With minimal due diligence, Trump Organization executives would have noticed that the Silk Road Group exhibited many warning signs of financial fraud: its layered and often hidden ownership, its ornate use of shell companies, its close relationship with a bank that was embroiled in a financial scandal. Trump’s visit to Georgia occurred while his company was making a series of similar foreign deals. Until then, the Trump Organization had ventured abroad only occasionally: in 1999, a set of Korean buildings licensed the Trump name; in 2006, Trump bought a golf course in Scotland; the following year, construction began on a Trump-branded tower in Turkey.

 But by 2012 Trump was struggling in the U.S. market. His biggest investment, in American casinos, had proved ruinous, and he was now a minority owner of a near-bankrupt business. Trump had defaulted on loans multiple times, and nearly every bank in the U.S. refused to finance deals bearing his name. And so Trump turned to people in other countries who did not share this reluctance to give him money. In 2012 alone, the Trump Organization negotiated or finalized deals in Azerbaijan, Brazil, Canada, Georgia, India, the Philippines, the United Arab Emirates, and Uruguay.

At the time, the Trump Organization had only a handful of staff members involved in dealmaking. His children Ivanka Trump and Donald Trump, Jr., assumed a management role in many of these foreign projects. According to Rtskhiladze, Trump, Jr., helped oversee the Batumi deal. At one point, Rtskhiladze and Cohen held two days of meetings in New York to discuss the project. Trump, Jr., dropped by several times. According to former executives at the Trump Organization, the company lacked rigorous procedures for assessing foreign partners.

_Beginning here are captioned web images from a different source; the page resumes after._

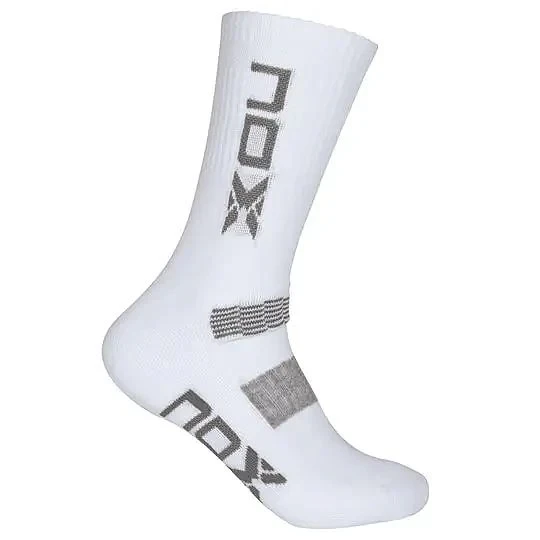 Chaussettes Nox Pro Series blanc/gris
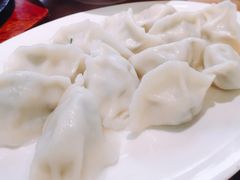 招牌野生鲅鱼水饺-上关雪東北菜(中房金谊店)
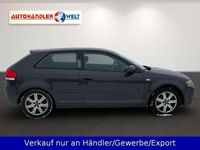 Gebraucht Audi A3 Ambition 150 PS (110 kW) 2006 Grau Kleinwagen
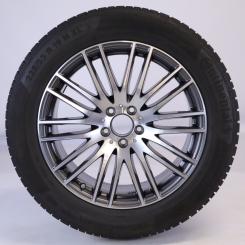 Rueda completa aluminio CONTI/WinterContact TS850P Llanta mu 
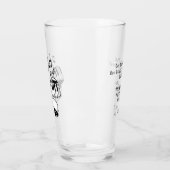 Glazen beker (Links)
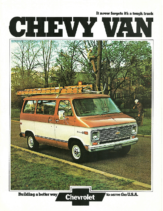 1974 Chevrolet Van
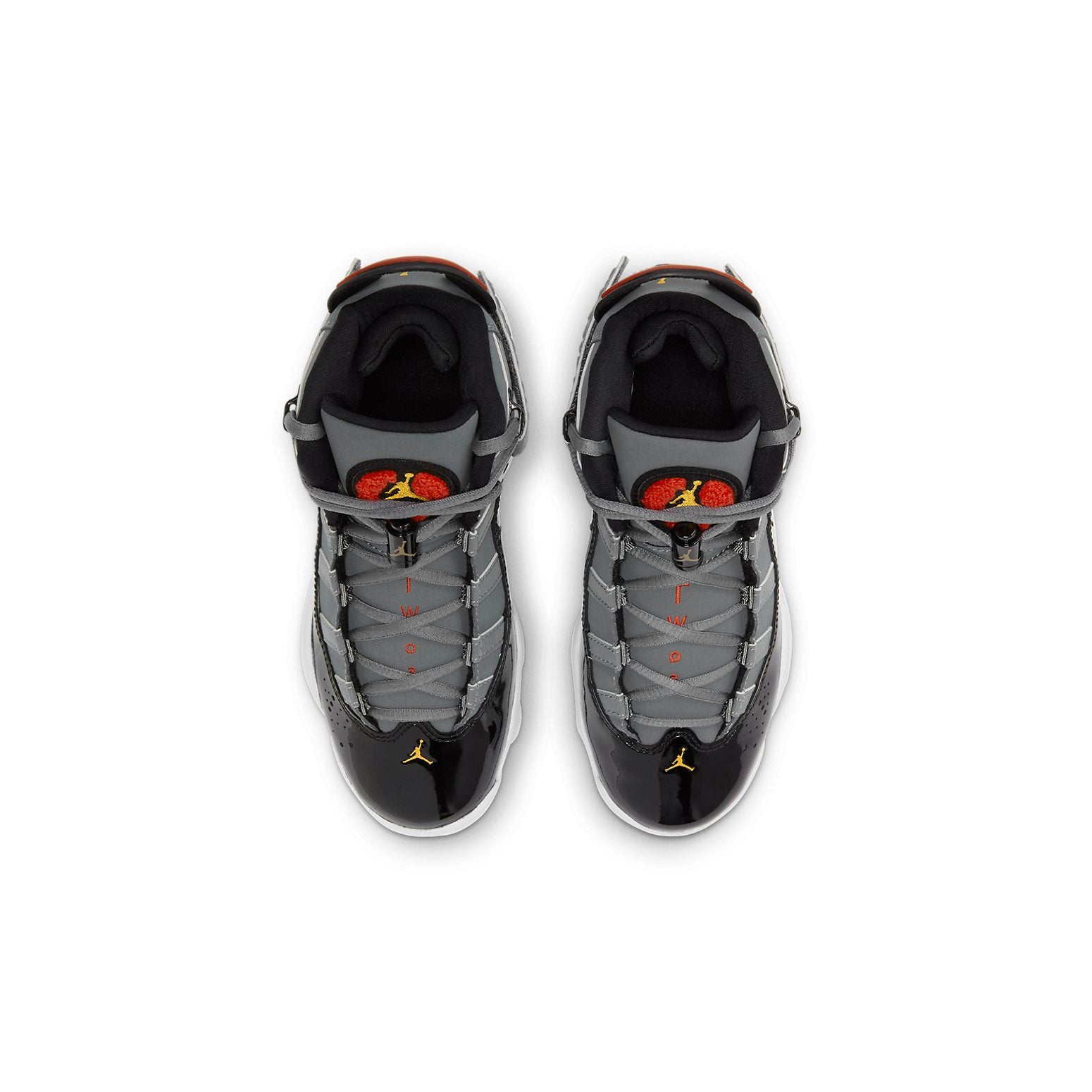 (GS) Air 6 Rings 'Light Graphite'
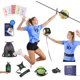 thumbnail image 1 of Entrenador de Voleibol MOTOMY VolleyPal Kit Solo de Rebote, 1 of 9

A month after Trump visited Georgia, he agreed to license his name to, and provide oversight of, a luxury hotel in Baku, Azerbaijan, a deal that I examined in an article in The New Yorker earlier this year. Trump received several million dollars from the brother and the son of an Azerbaijani billionaire who was then the Minister of Transportation—a man who, U.S. officials believe, may have been simultaneously laundering money for the Iranian Revolutionary Guard. In 2013, Trump met with the Azerbaijani-Russian billionaire Aras Agalarov and his son, Emin; that November, they partnered with Trump on the Miss Universe contest, in Moscow, and discussed building a Trump Tower in the Russian capital. In June, 2016, at Emin Agalarov’s request, Trump, Jr., met with Natalia Veselnitskaya, a lawyer who has represented Russian intelligence. Trump, Jr., was promised damaging information about Hillary Clinton. Veselnitskaya came to the meeting accompanied by business associates who have extensive ties to Georgia and Azerbaijan.

In December, 2012, not long after Trump signed the Batumi licensing deal, a company called Riviera, L.L.C., bought the fifteen-acre parcel of land on which the Trump Tower Batumi would supposedly be built. The price was twelve million dollars, and the seller was Vento, L.L.C., which was owned by a company that was owned by a company that was owned by a company that was owned by the Silk Road Group. Riviera, L.L.C., was also partly owned by the Silk Road Group. In other words, the Silk Road Group was selling property to itself.
The Financial Action Task Force, headquartered in Paris, is led by representatives from thirty-seven nations. In 2007, the task force issued a report about the use of real-estate projects for money laundering. The report makes note of several red flags. It warns of “complex loans” in which businesses “lend themselves money, creating the appearance that the funds are legitimate.” It also warns of the use of offshore shell companies and tangled corporate legal structures, especially those in which third parties are hired to administer a company and conceal its true ownership. These intertwined companies can then trade property among themselves, in order to create inflated valuations: “An often-used structure is, for example, the setting up of shell companies to buy real estate. Shortly after acquiring the properties, the companies are voluntarily wound up, and the criminals then repurchase the property at a price considerably above the original purchase price. This enables them to insert a sum of money into the financial system equal to the original purchase price plus the capital gain, thereby allowing them to conceal the origin of their funds.”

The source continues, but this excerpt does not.